El futuro de la sociedad actual es contingencia y, por ende, riesgo. Riesgo de tomar decisiones, pero también de no tomarlas. Contingencia, en el sentido de que el futuro no otorga certezas pero tampoco imposibilidades. Curiosamente, vivimos hace ya mucho tiempo en este tipo de sociedad y a pesar de nuestros malestares, reproducimos esta formación social, al indicar desde ella –también- este malestar.

En una sociedad funcionalmente diferenciada, como la nuestra, la elección moral es un problema a definir por la persona y las orientaciones y preferencias individuales apuntarán a aspectos sociales, pero de manera irremediablemente parcializada. Pedir preferencias morales a la sociedad actual es tan absurdo como pedir democracia a un terremoto.

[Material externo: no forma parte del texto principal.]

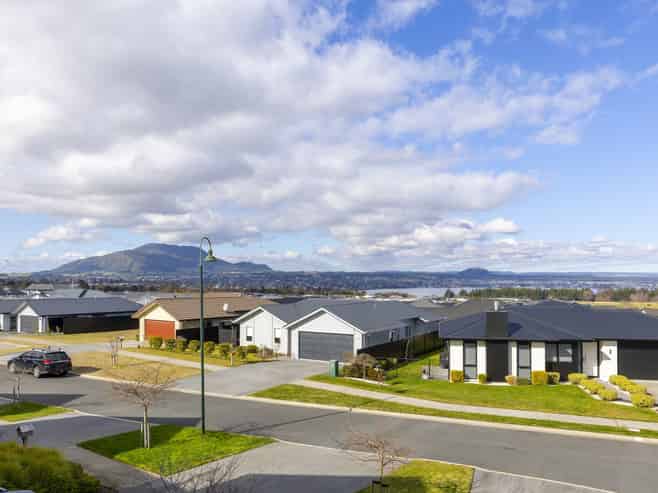28 Blue Dun Place, Nukuhau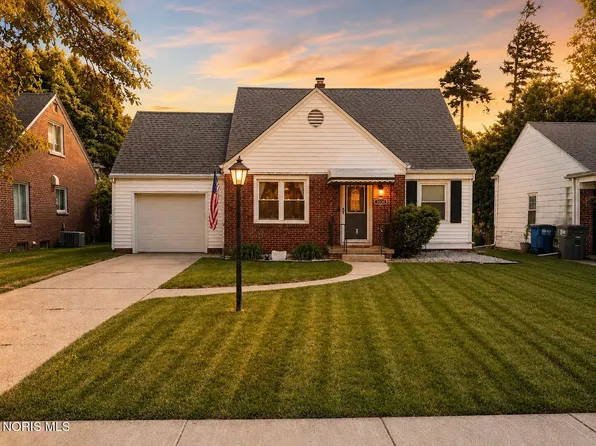 3220 Cheltenham Rd, Toledo, OH 43606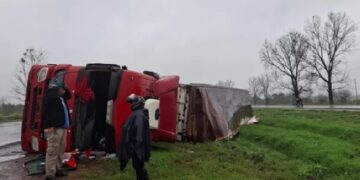Un camión de gran porte volcó en la Autopista de Circunvalación a la altura del Cementerio del Ángel
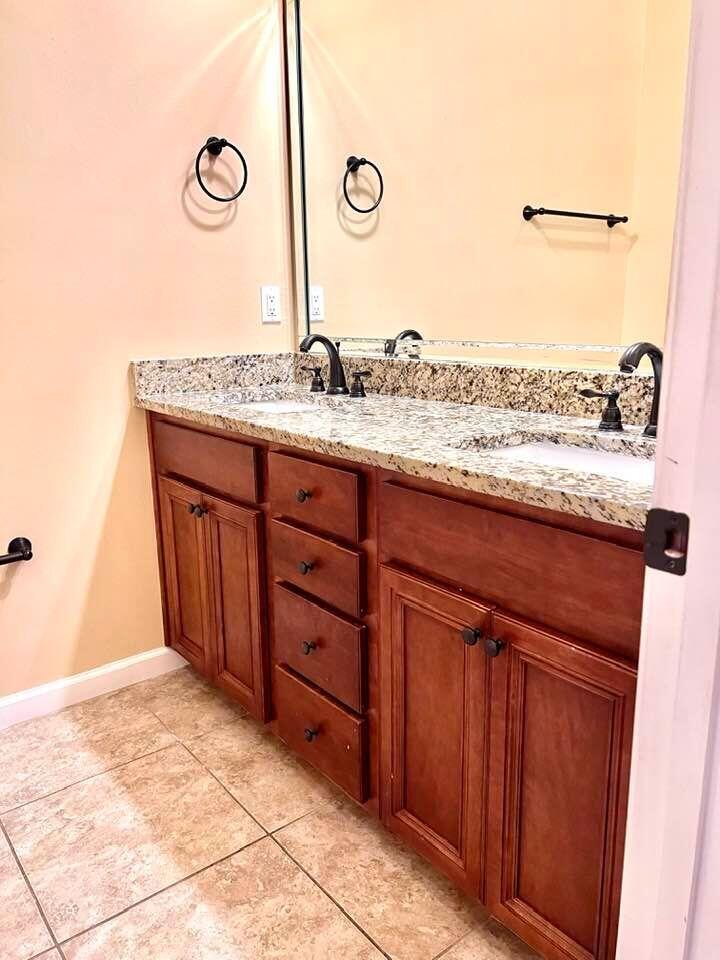 Traditions at Walton Oaks - Residential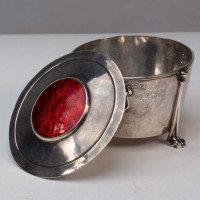 Edith Dawson. An Arts & Crafts Silver Pot with Floral Details & a Red Enamel Lid - Thumbnail 8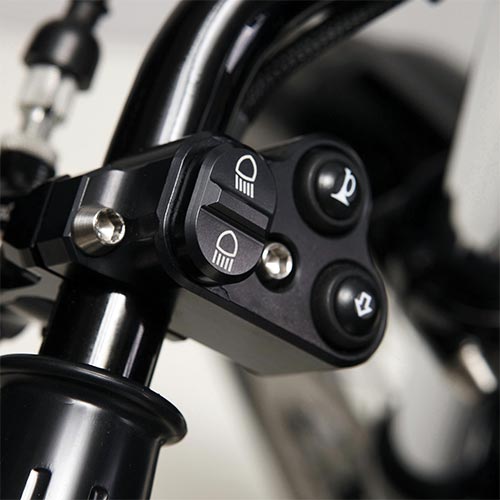 Commodos noirs haute qualite aluminium. Blackpines.fr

Una vez se decida socialmente y de manera siempre fragmentada el fin de la catástrofe, ya sea debido a elecciones políticas, balances económicos, policiales o de salubridad, atenderemos a una sociedad que introduce en sus comunicaciones la semántica de esta catástrofe, pero que variará estructuralmente de manera más lenta y compleja.

Tendremos que acostumbrarnos a las semánticas del riesgo, la contingencia, la acentralidad de las estructuras y la complejidad de nuestra sociedad, incluso –y más aún- en casos de extrema catástrofe como el que vivimos cada cierto tiempo en Chile.